About this exercise:
Go through the records line by line from the top and repeat each one exactly, ending with the line that contains "El presidente chileno".

Supplied entries:
□ □ □ □ □

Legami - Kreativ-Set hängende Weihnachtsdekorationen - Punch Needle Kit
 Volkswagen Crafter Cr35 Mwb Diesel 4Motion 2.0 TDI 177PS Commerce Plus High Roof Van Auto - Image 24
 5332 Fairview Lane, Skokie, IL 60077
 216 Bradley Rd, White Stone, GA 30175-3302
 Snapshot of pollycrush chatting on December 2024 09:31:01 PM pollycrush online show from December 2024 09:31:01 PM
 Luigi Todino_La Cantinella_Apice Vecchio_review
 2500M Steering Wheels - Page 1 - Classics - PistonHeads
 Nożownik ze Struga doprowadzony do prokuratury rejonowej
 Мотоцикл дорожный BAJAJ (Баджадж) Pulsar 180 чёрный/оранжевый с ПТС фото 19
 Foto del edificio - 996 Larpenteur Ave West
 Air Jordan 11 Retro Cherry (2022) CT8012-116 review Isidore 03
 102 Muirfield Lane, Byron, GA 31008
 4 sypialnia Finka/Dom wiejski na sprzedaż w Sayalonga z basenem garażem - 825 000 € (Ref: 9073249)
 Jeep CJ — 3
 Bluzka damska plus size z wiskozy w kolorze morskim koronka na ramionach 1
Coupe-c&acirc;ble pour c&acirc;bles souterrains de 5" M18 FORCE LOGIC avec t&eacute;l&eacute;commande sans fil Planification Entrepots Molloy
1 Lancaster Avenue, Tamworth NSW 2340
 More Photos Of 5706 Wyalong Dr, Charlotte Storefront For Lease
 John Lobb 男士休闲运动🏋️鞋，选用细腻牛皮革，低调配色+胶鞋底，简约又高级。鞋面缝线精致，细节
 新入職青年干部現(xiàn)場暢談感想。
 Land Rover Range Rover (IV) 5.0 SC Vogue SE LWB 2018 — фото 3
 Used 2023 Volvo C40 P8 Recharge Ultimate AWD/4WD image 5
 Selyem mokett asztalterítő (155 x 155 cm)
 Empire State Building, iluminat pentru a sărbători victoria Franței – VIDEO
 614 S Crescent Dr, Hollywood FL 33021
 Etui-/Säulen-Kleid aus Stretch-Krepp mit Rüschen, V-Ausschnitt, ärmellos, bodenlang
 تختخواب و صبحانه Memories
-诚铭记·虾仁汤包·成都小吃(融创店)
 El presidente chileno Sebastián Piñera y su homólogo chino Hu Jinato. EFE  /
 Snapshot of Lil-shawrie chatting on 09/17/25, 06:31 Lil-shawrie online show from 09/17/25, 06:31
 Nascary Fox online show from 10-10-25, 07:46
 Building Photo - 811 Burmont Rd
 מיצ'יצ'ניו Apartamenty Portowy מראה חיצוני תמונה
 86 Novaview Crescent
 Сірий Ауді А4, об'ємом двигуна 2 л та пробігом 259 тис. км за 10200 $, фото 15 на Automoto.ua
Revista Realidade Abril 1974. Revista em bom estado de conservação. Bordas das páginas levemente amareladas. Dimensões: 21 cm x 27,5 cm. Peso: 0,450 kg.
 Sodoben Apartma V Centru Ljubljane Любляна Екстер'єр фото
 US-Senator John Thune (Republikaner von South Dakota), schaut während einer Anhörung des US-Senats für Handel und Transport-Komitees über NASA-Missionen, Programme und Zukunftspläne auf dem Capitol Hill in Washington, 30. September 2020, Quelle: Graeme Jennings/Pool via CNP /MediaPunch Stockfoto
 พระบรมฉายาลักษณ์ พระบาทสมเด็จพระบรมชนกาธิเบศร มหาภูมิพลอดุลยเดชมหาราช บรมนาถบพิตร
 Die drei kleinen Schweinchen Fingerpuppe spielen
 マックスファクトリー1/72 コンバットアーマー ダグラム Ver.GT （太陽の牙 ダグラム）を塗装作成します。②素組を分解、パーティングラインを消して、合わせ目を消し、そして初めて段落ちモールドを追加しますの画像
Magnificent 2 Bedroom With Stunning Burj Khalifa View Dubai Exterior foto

□ □ □ □ □

Finished exercise:
Legami - Kreativ-Set hängende Weihnachtsdekorationen - Punch Needle Kit
 Volkswagen Crafter Cr35 Mwb Diesel 4Motion 2.0 TDI 177PS Commerce Plus High Roof Van Auto - Image 24
 5332 Fairview Lane, Skokie, IL 60077
 216 Bradley Rd, White Stone, GA 30175-3302
 Snapshot of pollycrush chatting on December 2024 09:31:01 PM pollycrush online show from December 2024 09:31:01 PM
 Luigi Todino_La Cantinella_Apice Vecchio_review
 2500M Steering Wheels - Page 1 - Classics - PistonHeads
 Nożownik ze Struga doprowadzony do prokuratury rejonowej
 Мотоцикл дорожный BAJAJ (Баджадж) Pulsar 180 чёрный/оранжевый с ПТС фото 19
 Foto del edificio - 996 Larpenteur Ave West
 Air Jordan 11 Retro Cherry (2022) CT8012-116 review Isidore 03
 102 Muirfield Lane, Byron, GA 31008
 4 sypialnia Finka/Dom wiejski na sprzedaż w Sayalonga z basenem garażem - 825 000 € (Ref: 9073249)
 Jeep CJ — 3
 Bluzka damska plus size z wiskozy w kolorze morskim koronka na ramionach 1
Coupe-c&acirc;ble pour c&acirc;bles souterrains de 5" M18 FORCE LOGIC avec t&eacute;l&eacute;commande sans fil Planification Entrepots Molloy
1 Lancaster Avenue, Tamworth NSW 2340
 More Photos Of 5706 Wyalong Dr, Charlotte Storefront For Lease
 John Lobb 男士休闲运动🏋️鞋，选用细腻牛皮革，低调配色+胶鞋底，简约又高级。鞋面缝线精致，细节
 新入職青年干部現(xiàn)場暢談感想。
 Land Rover Range Rover (IV) 5.0 SC Vogue SE LWB 2018 — фото 3
 Used 2023 Volvo C40 P8 Recharge Ultimate AWD/4WD image 5
 Selyem mokett asztalterítő (155 x 155 cm)
 Empire State Building, iluminat pentru a sărbători victoria Franței – VIDEO
 614 S Crescent Dr, Hollywood FL 33021
 Etui-/Säulen-Kleid aus Stretch-Krepp mit Rüschen, V-Ausschnitt, ärmellos, bodenlang
 تختخواب و صبحانه Memories
-诚铭记·虾仁汤包·成都小吃(融创店)
 El presidente chileno Sebastián Piñera y su homólogo chino Hu Jinato. EFE  /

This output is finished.